Rabbi Akiva (illustration from the 1568 Mantua Haggadah)
A Midrash expanded on the plea of Moses and Aaron to God in Numbers 16:22 and God’s reply in Numbers 16:24. The Midrash taught that Moses told God that a mortal king who is confronted with an uprising in a province of his kingdom would send his legions to kill all the inhabitants of the province — both innocent and the guilty — because the king would not know who rebelled and who did not. But God knows the hearts and thoughts of each and every person, knows who sinned and who did not, and knows who rebelled and who did not. That is why Moses and Aaron asked God in Numbers 16:22, “Shall one man sin, and will You be wrath with all the congregation?” The Midrash taught that God replied that they had spoken well, and God would make known who had sinned and who had not.
Reading Song of Songs6:11, “I went down into the garden of nuts,” to apply to Israel, a Midrash taught that just as when one takes a nut from a stack of nuts, all the rest come toppling over, so if a single Jew is smitten, all Jews feel it, as Numbers 16:22 says, “Shall one man sin, and will You be angry with all the congregation?”
Rabbi Berekiah read Numbers 16:27 to teach how inexorably destructive dispute is. For the Heavenly Court usually does not impose a penalty until a sinner reaches the age of 20. But in Korah’s dispute, even one-day-old babies were consumed by the fire and swallowed up by the earth. For Numbers 16:27 says, “with their wives, and their sons, and their little ones.”
The Mishnah in Pirkei Avot taught that the opening of the earth’s mouth in Numbers 16:32 was one of ten miracles that God created at the end of the first week of creation at the eve of the first Sabbath at twilight.
Rabbi Akiva interpreted Numbers 16:33 to teach that Korah’s assembly will have no portion in the world to come, as the words “the earth closed upon them” reported that they died in this world, and the words “they perished from among the assembly” implied that they died in the next world, as well. But Rabbi Eliezer disagreed, reading 1 Samuel2:6 to speak of Korah’s assembly when it said: “The Lord kills, and makes alive; He brings down to the grave, and brings up.” The Gemara cited a Tanna who concurred with Rabbi Eliezer’s position: Rabbi Judah ben Bathyra likened Korah’s assembly to a lost article, which one seeks, as Psalm119:176 said: “I have gone astray like a lost sheep; seek Your servant.”
A Tanna in the name of Rabbi deduced from the words “the sons of Korah did not die” in Numbers 26:11 that Providence set up a special place for them to stand on high in Gehinnom.
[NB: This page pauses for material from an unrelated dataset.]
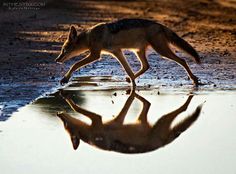 a lone wolf is walking along the water's edge in front of its reflection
There, Korah’s sons sat and sang praises to God. Rabbah bar bar Hana told that once when he was travelling, an Arab showed him where the earth swallowed Korah’s congregation. Rabbah bar bar Hana saw two cracks in the ground from which smoke issued. He took a piece of wool, soaked it in water, attached it to the point of his spear, and passed it over the cracks, and the wool was singed. The Arab told Rabbah bar bar Hana to listen, and he heard them saying, “Moses and his Torah are true, but Korah's company are liars.” The Arab told Rabbah bar bar Hana that every 30 days Gehinnom caused them to return for judgment, as if they were being stirred like meat in a pot, and every 30 days they said those same words.
Rabbi Judah taught that the same fire that descended from heaven settled on the earth, and did not again return to its former place in heaven, but it entered the Tabernacle. That fire came forth and devoured all the offerings that the Israelites brought in the wilderness, as Leviticus 9:24 does not say, “And there descended fire from heaven,” but “And there came forth fire from before the Lord.” This was the same fire that came forth and consumed the sons of Aaron, as Leviticus 10:2 says, “And there came forth fire from before the Lord.” And that same fire came forth and consumed the company of Korah, as Numbers 16:35 says, “And fire came forth from the Lord.” And the Pirke De-Rabbi Eliezer taught that no person departs from this world until some of that fire, which rested among humanity, passes over that person, as Numbers 11:2 says, “And the fire rested.”
Numbers chapter 17
Rav taught that anyone who persists in a quarrel transgresses the commandment of Numbers 17:5 that one be not as Korah and his company.
Budding of Aaron's Staff (woodcut by Julius Schnorr von Carolsfeld from the 1860 Bible in Pictures)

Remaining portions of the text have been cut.